A simple graph with $n$ vertices ( $n\geq 3$) is Hamiltonian if every vertex has degree $\frac {n}{2}$ or greater.
So the graph $G$ is hamiltonian.
And by definition a hamiltonian graph is a graph that contains a hamiltonian cycle (a cycle in G that contains every vertex of G).
So now I have a cycle but I don't know how to get what I need.
 A: There is infact a simpler way to show this directly.
Let $C$ be the Hamiltonian cycle promised, and write the vertex-set of $G$ as $\{v_0,\ldots, v_{100}\}$ such that $v_i$ is adjacent to precisely $v_{i-1}$ and $v_{i+1}$ in $C$, for each $i=0,\ldots, 100$, addition here done $\pmod{101}$ that is. We now show the following:

Claim 1: Label the vertices of $C$ as above, but arbitrarily pick any vertex in $C$ to be $v_0$. Then there is a cycle in $G$ of the form $v_0v_jv_{j+1} \ldots v_{j+25}v_0$, where $v_j\ldots v_{25}$ is a segment of $C$, and where [and this is crucial]
none of $v_{j},v_{j+1},\ldots, v_{j+25}$ is $v_0$. Put another way, for any vertex $v_0\in G$, there is a cycle $C'$ in $G$ with precisely $27$ vertices such that at most $2$ edges of $C'$
are not in $C$, and these at most $2$ edges of $C'\setminus C$ are incident to $v_0$.

To this end, let us partition the vertices of $G \setminus \{v_0\}$ into $25$ sets $V_0,V_1,\ldots, V_{24}$ as follows: first
$$V_0=\{v_{25},v_{50},v_{75},v_{100}\};$$
then $$V_1=\{v_1,v_{26},v_{51},v_{76}\};$$
and then for each $j=2,\ldots,24$: $$V_j=\{v_j,v_{25+j},v_{50+j},v_{75+j}\}.$$ Then note that there is a cycle $C'$ as claimed if there is an integer $j \in \{0,1,\ldots,24\}$ such that $v_0$ is adjacent in $G$ to at least $3$ vertices in $V_j$. However, there must be indeed be a $j$ such that $v_0$ is adjacent in $G$ to at least $3$ vertices in $V_j$, otherwise $v_0$ could be adjacent in $G$ to at most $2 \times |\{0,\ldots, 24\}|=50$ vertices.
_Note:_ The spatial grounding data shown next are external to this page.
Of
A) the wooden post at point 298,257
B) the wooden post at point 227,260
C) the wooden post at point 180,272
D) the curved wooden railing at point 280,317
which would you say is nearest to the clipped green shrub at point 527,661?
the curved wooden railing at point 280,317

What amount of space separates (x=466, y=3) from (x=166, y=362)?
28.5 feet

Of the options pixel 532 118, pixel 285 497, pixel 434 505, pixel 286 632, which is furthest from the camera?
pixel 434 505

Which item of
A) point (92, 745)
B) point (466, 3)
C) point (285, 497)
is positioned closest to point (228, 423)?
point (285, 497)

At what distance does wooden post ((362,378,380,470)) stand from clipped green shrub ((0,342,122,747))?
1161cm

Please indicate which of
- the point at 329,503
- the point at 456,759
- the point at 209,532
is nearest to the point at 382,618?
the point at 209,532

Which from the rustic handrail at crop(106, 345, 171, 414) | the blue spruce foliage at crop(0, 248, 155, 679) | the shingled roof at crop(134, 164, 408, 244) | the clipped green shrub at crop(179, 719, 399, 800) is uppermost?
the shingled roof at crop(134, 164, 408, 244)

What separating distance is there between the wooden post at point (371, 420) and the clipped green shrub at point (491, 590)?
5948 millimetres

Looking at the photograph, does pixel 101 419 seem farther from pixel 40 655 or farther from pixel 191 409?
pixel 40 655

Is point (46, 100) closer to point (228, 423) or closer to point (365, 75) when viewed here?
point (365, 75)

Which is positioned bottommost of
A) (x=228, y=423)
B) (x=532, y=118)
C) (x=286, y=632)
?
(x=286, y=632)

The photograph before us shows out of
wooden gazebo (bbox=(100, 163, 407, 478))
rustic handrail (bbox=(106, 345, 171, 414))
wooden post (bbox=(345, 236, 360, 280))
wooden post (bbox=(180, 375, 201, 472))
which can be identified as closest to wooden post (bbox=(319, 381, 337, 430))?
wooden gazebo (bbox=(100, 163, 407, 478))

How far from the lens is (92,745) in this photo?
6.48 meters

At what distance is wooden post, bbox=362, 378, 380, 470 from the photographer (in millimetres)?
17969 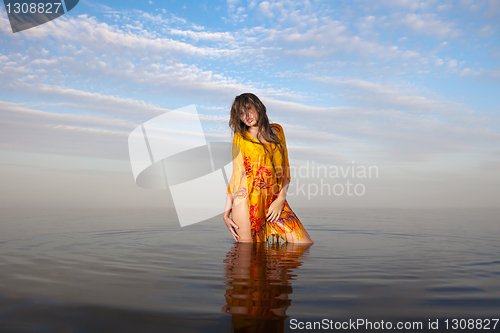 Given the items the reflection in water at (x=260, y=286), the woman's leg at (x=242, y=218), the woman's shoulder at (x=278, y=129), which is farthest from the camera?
the woman's shoulder at (x=278, y=129)

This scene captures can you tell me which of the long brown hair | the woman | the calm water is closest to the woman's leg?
the woman

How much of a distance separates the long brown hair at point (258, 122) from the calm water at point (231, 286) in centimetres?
131

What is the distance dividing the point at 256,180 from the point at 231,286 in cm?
210

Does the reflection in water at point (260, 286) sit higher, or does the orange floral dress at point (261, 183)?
the orange floral dress at point (261, 183)

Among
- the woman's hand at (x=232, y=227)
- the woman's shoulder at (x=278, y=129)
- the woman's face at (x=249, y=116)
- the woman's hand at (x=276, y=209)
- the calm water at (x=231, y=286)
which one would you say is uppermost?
the woman's face at (x=249, y=116)

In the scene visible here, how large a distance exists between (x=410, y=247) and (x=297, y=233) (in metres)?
1.39

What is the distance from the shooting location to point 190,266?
278cm

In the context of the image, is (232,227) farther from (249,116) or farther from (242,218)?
(249,116)

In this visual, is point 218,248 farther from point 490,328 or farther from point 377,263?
point 490,328

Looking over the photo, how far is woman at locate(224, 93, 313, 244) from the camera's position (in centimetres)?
410

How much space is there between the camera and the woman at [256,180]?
4.10 metres

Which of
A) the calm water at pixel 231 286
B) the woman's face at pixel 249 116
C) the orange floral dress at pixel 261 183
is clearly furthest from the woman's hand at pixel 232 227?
the woman's face at pixel 249 116

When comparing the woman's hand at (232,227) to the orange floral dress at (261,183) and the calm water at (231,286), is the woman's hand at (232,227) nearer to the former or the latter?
the orange floral dress at (261,183)

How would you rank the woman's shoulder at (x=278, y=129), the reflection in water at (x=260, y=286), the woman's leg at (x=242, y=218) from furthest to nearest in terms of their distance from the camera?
1. the woman's shoulder at (x=278, y=129)
2. the woman's leg at (x=242, y=218)
3. the reflection in water at (x=260, y=286) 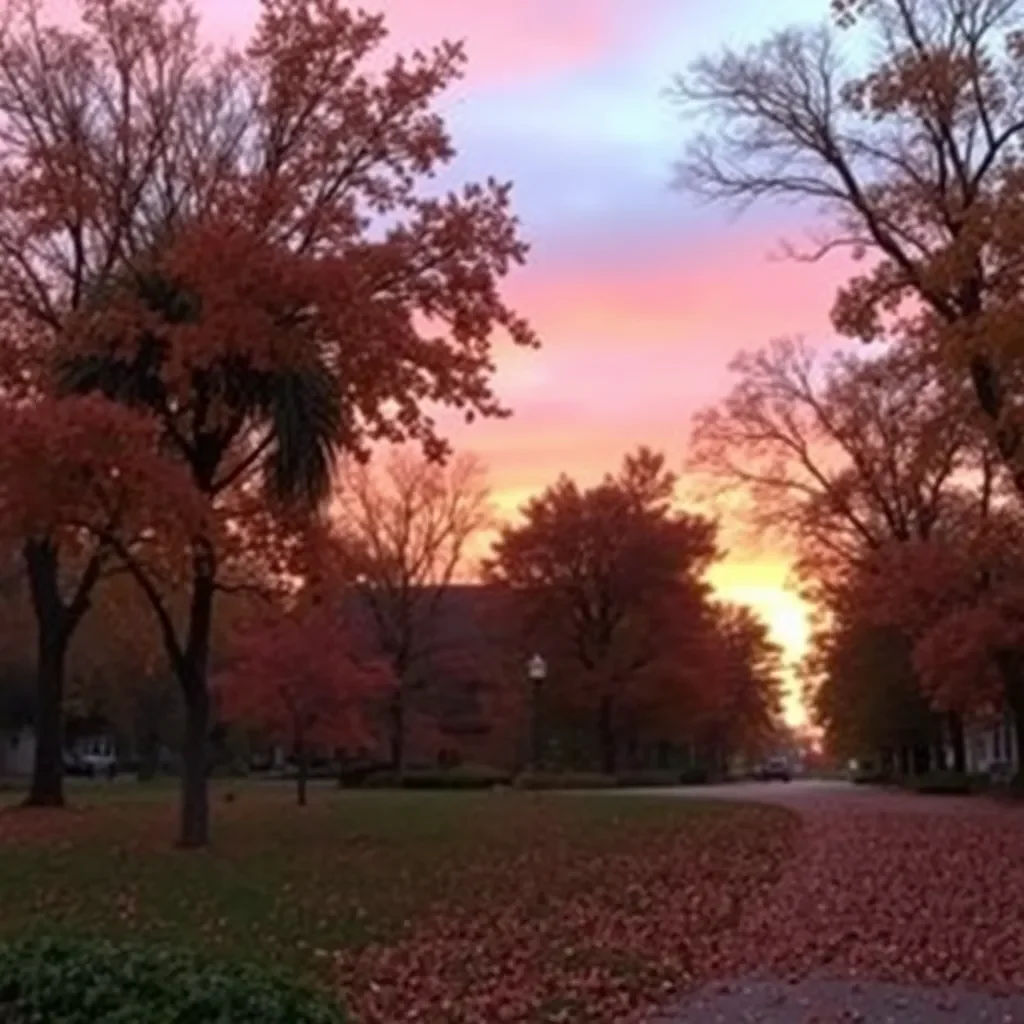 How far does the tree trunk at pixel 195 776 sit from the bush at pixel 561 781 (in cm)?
2560

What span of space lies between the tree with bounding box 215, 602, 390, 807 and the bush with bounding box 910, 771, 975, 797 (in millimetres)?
14921

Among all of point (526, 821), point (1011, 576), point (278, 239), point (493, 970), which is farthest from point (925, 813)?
point (493, 970)

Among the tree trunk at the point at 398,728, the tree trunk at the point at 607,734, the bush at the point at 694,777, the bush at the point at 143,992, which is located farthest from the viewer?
the bush at the point at 694,777

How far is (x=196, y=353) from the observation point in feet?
63.8

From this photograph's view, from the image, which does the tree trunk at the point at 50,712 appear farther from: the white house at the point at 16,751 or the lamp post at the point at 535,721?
the white house at the point at 16,751

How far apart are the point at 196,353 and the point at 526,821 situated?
386 inches

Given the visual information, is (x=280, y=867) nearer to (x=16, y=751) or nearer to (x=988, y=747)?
(x=988, y=747)

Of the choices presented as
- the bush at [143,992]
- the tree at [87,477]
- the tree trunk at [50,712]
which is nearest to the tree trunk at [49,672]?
the tree trunk at [50,712]

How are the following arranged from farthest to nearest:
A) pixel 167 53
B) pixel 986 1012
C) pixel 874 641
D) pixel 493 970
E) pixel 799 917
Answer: pixel 874 641 < pixel 167 53 < pixel 799 917 < pixel 493 970 < pixel 986 1012

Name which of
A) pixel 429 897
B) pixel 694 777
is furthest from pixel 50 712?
pixel 694 777

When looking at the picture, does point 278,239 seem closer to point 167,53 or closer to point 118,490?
point 118,490

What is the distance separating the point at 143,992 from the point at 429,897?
9998 mm

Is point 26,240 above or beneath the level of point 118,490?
above

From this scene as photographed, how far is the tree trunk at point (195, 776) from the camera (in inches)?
834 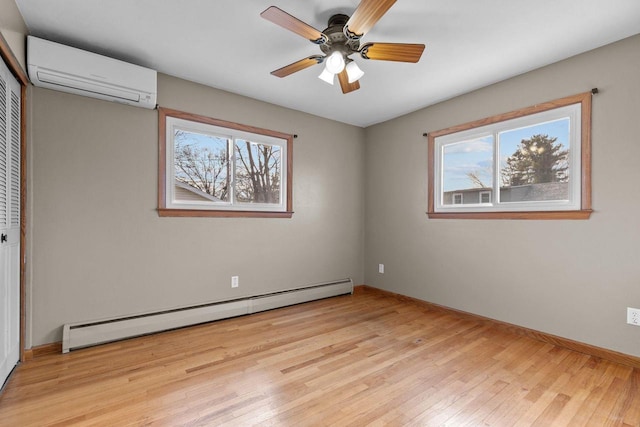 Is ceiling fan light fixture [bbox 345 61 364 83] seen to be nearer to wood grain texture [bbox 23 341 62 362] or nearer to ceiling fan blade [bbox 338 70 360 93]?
ceiling fan blade [bbox 338 70 360 93]

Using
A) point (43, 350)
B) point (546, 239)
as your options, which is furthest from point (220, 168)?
point (546, 239)

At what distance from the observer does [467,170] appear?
3.48 m

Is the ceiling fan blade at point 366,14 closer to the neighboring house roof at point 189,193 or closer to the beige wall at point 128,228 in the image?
the beige wall at point 128,228

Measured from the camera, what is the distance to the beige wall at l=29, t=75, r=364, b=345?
2.46m

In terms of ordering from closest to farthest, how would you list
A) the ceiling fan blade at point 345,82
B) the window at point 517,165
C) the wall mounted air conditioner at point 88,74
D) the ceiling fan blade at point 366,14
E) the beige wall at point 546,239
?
the ceiling fan blade at point 366,14 → the wall mounted air conditioner at point 88,74 → the beige wall at point 546,239 → the ceiling fan blade at point 345,82 → the window at point 517,165

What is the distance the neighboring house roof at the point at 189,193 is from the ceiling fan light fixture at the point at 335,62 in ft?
6.30

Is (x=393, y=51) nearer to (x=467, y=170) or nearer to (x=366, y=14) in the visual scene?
(x=366, y=14)

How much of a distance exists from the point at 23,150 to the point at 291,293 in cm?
283

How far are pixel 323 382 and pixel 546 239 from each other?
7.74 ft

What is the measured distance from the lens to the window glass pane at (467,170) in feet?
10.8

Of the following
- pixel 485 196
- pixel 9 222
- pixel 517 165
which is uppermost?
pixel 517 165

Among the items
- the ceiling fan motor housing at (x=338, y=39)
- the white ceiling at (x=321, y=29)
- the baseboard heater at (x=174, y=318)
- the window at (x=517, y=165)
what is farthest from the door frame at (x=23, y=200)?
the window at (x=517, y=165)

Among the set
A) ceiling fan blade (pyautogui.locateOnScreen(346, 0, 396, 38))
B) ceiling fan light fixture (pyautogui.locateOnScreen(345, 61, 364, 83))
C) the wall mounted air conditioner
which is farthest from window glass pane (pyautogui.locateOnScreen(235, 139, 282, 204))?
→ ceiling fan blade (pyautogui.locateOnScreen(346, 0, 396, 38))

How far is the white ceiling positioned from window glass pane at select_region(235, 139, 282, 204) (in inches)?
29.6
So there indeed exists such a $C'$, and so Claim 1 follows.
Now Claim 1 clearly implies the desired result, as any vertex in $G$ can be $v_0$.

We note that this method does not generalize to finding cycles of arbitrary odd length between $3$ and $101$. For example, let us suppose $G$ is such that $v_i$ and $v_j$ are adjacent iff the distance between $i$ and $j$ in $C$ is no more than $26$. Then there is no cycle in $G$ of length exactly say $33$ that has at most $2$ edges not in $C$, and the [one or two] edges not in $C$ are incident to a single vertex.